For control (native) B2M, 8 peptides and a sequence coverage of 83.2% was determined, with 6 of these peptides (and a sequence coverage of 69.7%) also identified in the B2M-GAPDH cross-linked gel bands (Table 1). For native CRP, 9 peptides and a sequence coverage of 54.9% was detected, with 6 peptides from CRP and a sequence coverage of 39.3% detected in the CRP-GAPDH cross-linked band (Table 1). LYSO was identified with a sequence coverage percentage of 90.7% (11 peptides) and 79.1% (9 peptides) for control LYSO and LYSO-GAPDH cross-linked bands, respectively (Table 1). For GAPDH, 17 peptides were identified for the native protein (sequence coverage 64.0%), and the majority of these peptides (and a similar sequence coverage) were also detected in the protein-GAPDH cross-links (Table 1). Most of the peptides from these four proteins were also fragmented effectively in MS/MS experiments allowing confirmation of the protein identities in the cross-linked gel samples (Supplementary Figs. 4–7).

4. Discussion

Singlet oxygen (¹O₂) is an important reactive oxidant in biological systems and is known to induce modifications on biomolecules via type II photosensitization reactions (e.g. Refs. [16,[32], [33], [34]]).
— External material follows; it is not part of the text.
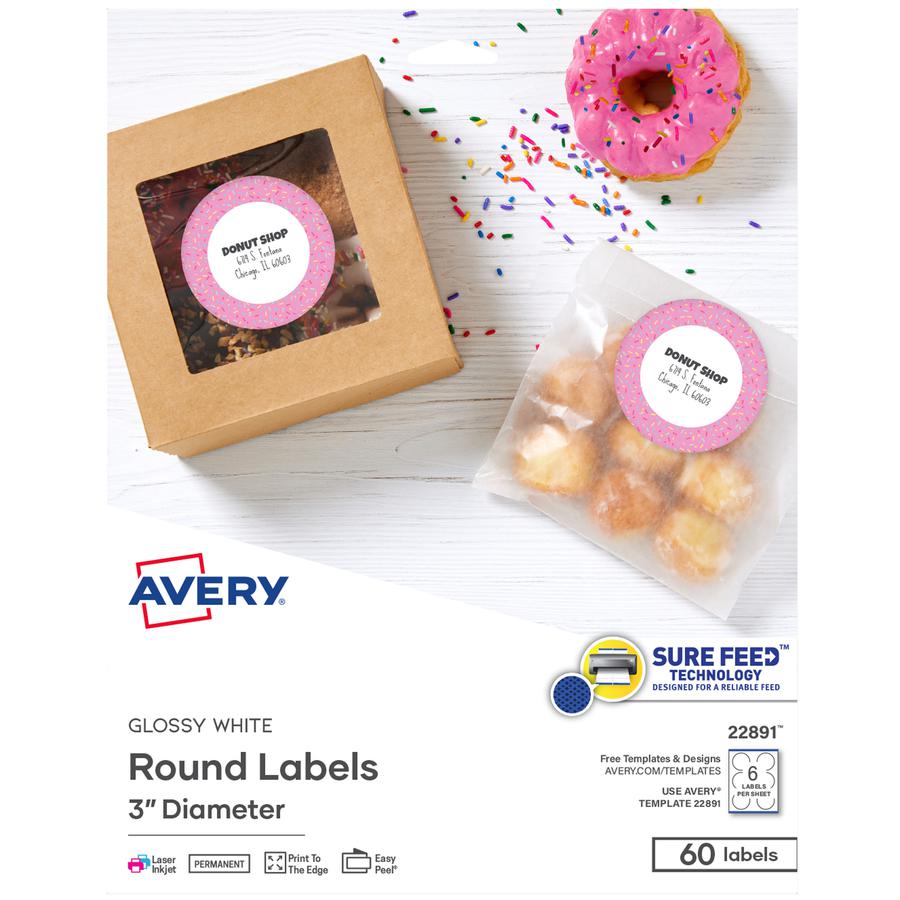 Avery&reg; Glossy White Labels, 3" Round, 60 Labels (22891) - - Height3" Diameter - Permanent Adhesive - Round - Gloss White - 6 / Sheet - 60 / Pack - Jam-free, Stick & Stay, Smudge Proof, Foldable. Picture 2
Rose Bengal generates high concentrations of ¹O₂ in the presence of molecular oxygen and visible light [19,35], and thus ¹O₂-mediated photo-oxidation primarily occurs in tissues that are routinely exposed to sunlight such as skin and eyes [[36], [37], [38]]. In proteins, the most reactive residues with ¹O₂ are the sulfur-containing (Cys, Met and cystine) and aromatic amino acids (His, Trp, and Tyr) [17,39].

The data obtained in this study demonstrate that photo-oxidation of B2M by the RB/visible light/O₂ system induced a illumination-time dependent decrease in the parent B2M band, with increasing formation of dimer and trimer and higher aggregates of B2M, as detected using an anti-B2M antibody (Fig. 1A). Dimer formation was also detected with aLA and CRP (and previously for Lyso, e.g. Refs. [40,41]) on increasing exposure to ¹O₂ (cf. the SDS-PAGE and immunoblotting data in Supplementary Fig. 3). These aggregates were not formed in the absence of RB or visible light, consistent with ¹O₂ -mediated modification of specific amino acids in these proteins, which facilitate the formation of intra-protein cross-links. Similar data has been obtained previously for other proteins, though the mechanisms and nature of the amino acids involved have not always been fully elucidated. In some cases, data has been presented for the formation of non-reducible species involving strong carbon-carbon or carbon-heteroatom covalent bonds (e.g. di-tyrosine, di-tryptophan, tyrosine-tryptophan, histidine-lysine, histidine-arginine, histidine-histidine, tyrosine-lysine) [28,[40], [41], [42], [43], [44], [45], [46]]. However, in many cases, these species do not account quantitatively (see, e.g. Ref. [28]) for all the cross-linking detected, and there is abundant evidence for a major contribution from reducible species, and especially disulfide cross-links.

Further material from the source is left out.